Vanilla Ice Cream (with crushed Oreos)
Now who doesn't love a classic vanilla and Oreo combo?!
You're going to need:
80ml heavy cream
130ml whole milk
1 Tbsp cream cheese
50g castor sugar
¾ tsp vanilla paste or extract
2-3 Tbsp Oreo crumbs or other mix-ins
& this is how you make it:
Soften cream cheese in microwave for 15s and then mix in sugar to form a paste. Add milk, vanilla and cream then mix/blend thoroughly. For a lighter texture, whip cream separately until stiff, then fold into rest of mixture. Pour into cup to Max line and freeze overnight. Process on Ice Cream setting, then sprinkle Oreo crumbs on top and run a Mix-in cycle.
Chocolate Ice Cream (With Roasted Hazelnuts)
A rich, delicious and nutty indulgence!
You're going to need:
14g cocoa powder + 2 Tbsp boiling water
75ml heavy cream
75ml whole milk
75ml condensed milk
½ tsp vanilla extract
Pinch of salt
2-3 Tbsp chopped roasted hazelnuts or other mix-ins
& this is how you make it:
Mix cocoa and water into a paste. Add cream, milk, condensed milk, vanilla and salt. Whisk until well mixed. Pour into dessert cup to Max line and freeze overnight.

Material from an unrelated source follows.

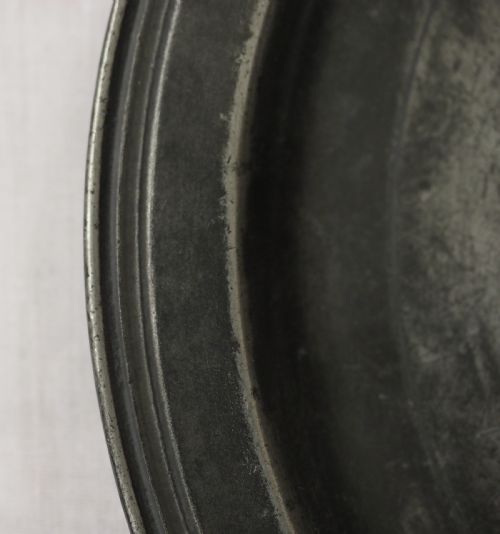 ENGLISH PEWTER 17TH CENTURY NARROW RIM 8IN PLATE VERY WELL MARKED CIRCA 1680 - ADDITIONAL PHOTO 5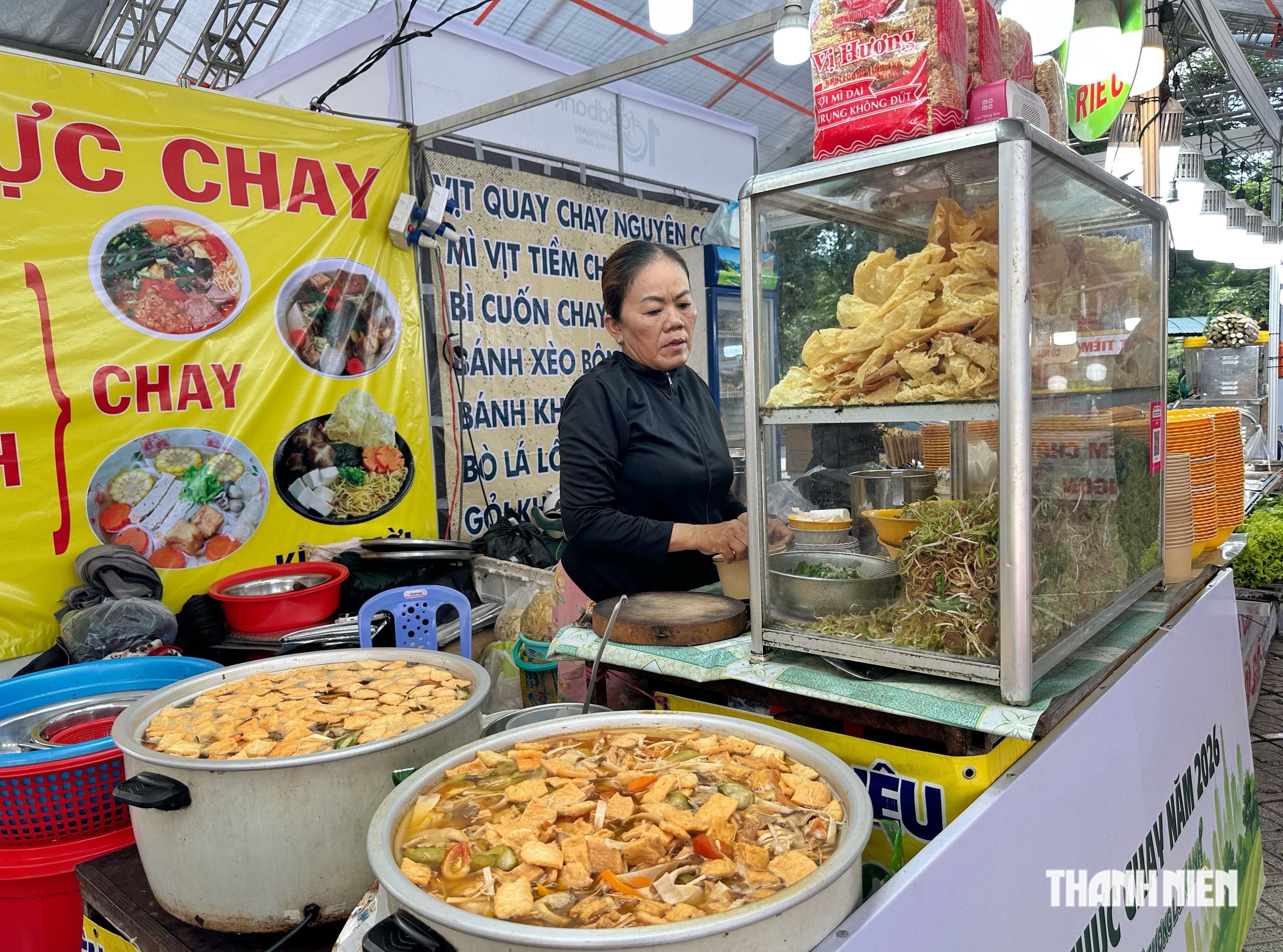  Đông thực khách TP.HCM đến công viên Bình Phú ăn chay  - Ảnh 8.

Process on Ice Cream setting, then sprinkle nuts on top and run a Mix-in cycle.
Karak Chai Ice Cream
Tastes like proper stovetop karak, just colder and thicker!
You're going to need:
3 tablespoons Ceylon tea leaves
6 ginger match sticks
A small handful fresh mint
3 peppercorns
2 cloves
1 large cinnamon stick
1 tsp ground cardamom
Sweetener of choice (this recipe uses "Suki", which is sugar free and bakes well) - alternatively use condensed milk if not making it sugar free
¾ can evaporated milk
1 teaspoon milk powder for thickness OR ½ teaspoon xantham gum
½ cup fresh cream
Biscuit crumble for topping
& this is how you make it:
In a pot, add the tea leaves, ginger sticks, mint, peppercorns, cloves, cardamom and cinnamon stick. Add 3 cups water and boil for 15 minutes until the liquid reduces by half.
Add your sweetener of choice. If not making it sugar free, you can use condensed milk instead. Pour in ¾ can evaporated milk and boil for another 10 minutes until slightly reduced and thickened.
Remove from the stove. Once cooled stir in 1 teaspoon milk powder for extra thickness or ½ teaspoon xanthan gum. Mix well. Add ½ cup fresh cream and stir again until fully combined.
Pour into Freeze Wand cups and freeze completely. Process using the Freeze Wand. For the creamiest texture, process twice. Top with biscuit crumble and serve immediately.